" You come, I'm just waiting for you." The words hammer these days in my mind, not because of her helplessness to see me next to her but because distance has distanced us enough to even let me go and hug my ailing mother and say consoling words of warmth to remove her insecurity where she thinks that every one would leave her because she is on bed, ailing and losing her memory, mixing words and moving in past and present to and fro.
Her deteriorated abstract thinking and disorientation to time and space has given her, her childhood stage back. The stage of seeking everyone's attention, obstinacy, weird communication and blabbering. Her all sacrifice as a wife, mother and even other relation has all lost its value. All that is important is her present state-Fearsome, insecure and chaotic. Is this what for we spend our life dedicating and committing to our family, profession and social circle?
She is lucky to have her kids tightly clung to her in spite of distance, professional demands and family requirements. Her one painful cry is immediately reacted to with soft words and at times with angry words just like with a small child any elder behaves on his in genuine demands or stubborn behavior. My heart cries to see my tree whose shade I am, withering and drying.

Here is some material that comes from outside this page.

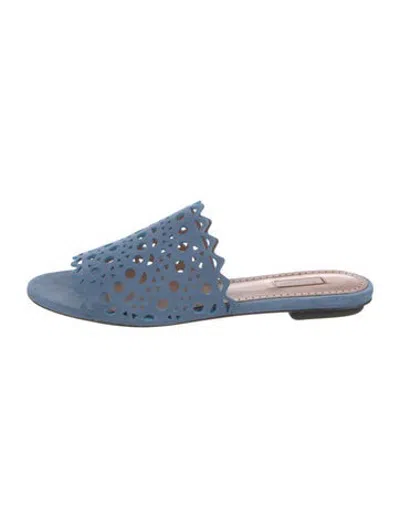 Pre-owned Alaïa Suede Patterned Slides In Blue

Ma who sacrificed all through her life to see her kids rise and grow from all point of views, still is sacrificing her desire to see her daughter staying miles and miles away and sacrificing her wish to walk to places, sacrificing her slumber over some unknown fear, her beauty for wrinkles, her sanity for ambiguity and her communication for faded and bygone unreachable memories. Alas! her luck for unlucky situation in which shes now...Dementia.
All around the globe there might be innumerable daughters and sons who might relate this situation as theirs. The pain is same. The tears are same-Saline and transparent, feelings are same-very abstruse and inexpiable, situation is same-clueless and out of reach to handle and yet very different in intensity and control. The very word " Ma" takes all pain away and wipes all tears and controls all uncontrollable and unreachable situations and feelings, even if she herself is declining in managing all these. That's the strength of the word "Ma" which shades us from this storm.
"Ma" is the complete cosmos in itself. "Ma" is the essence of our existence and survival." Ma" is one religion in all religions. " Ma" is one word of infinite words.
'Ma" is only love amongst all hate and " Ma" is the only creator among destroyers. Ma is just Ma-The creator of our little world.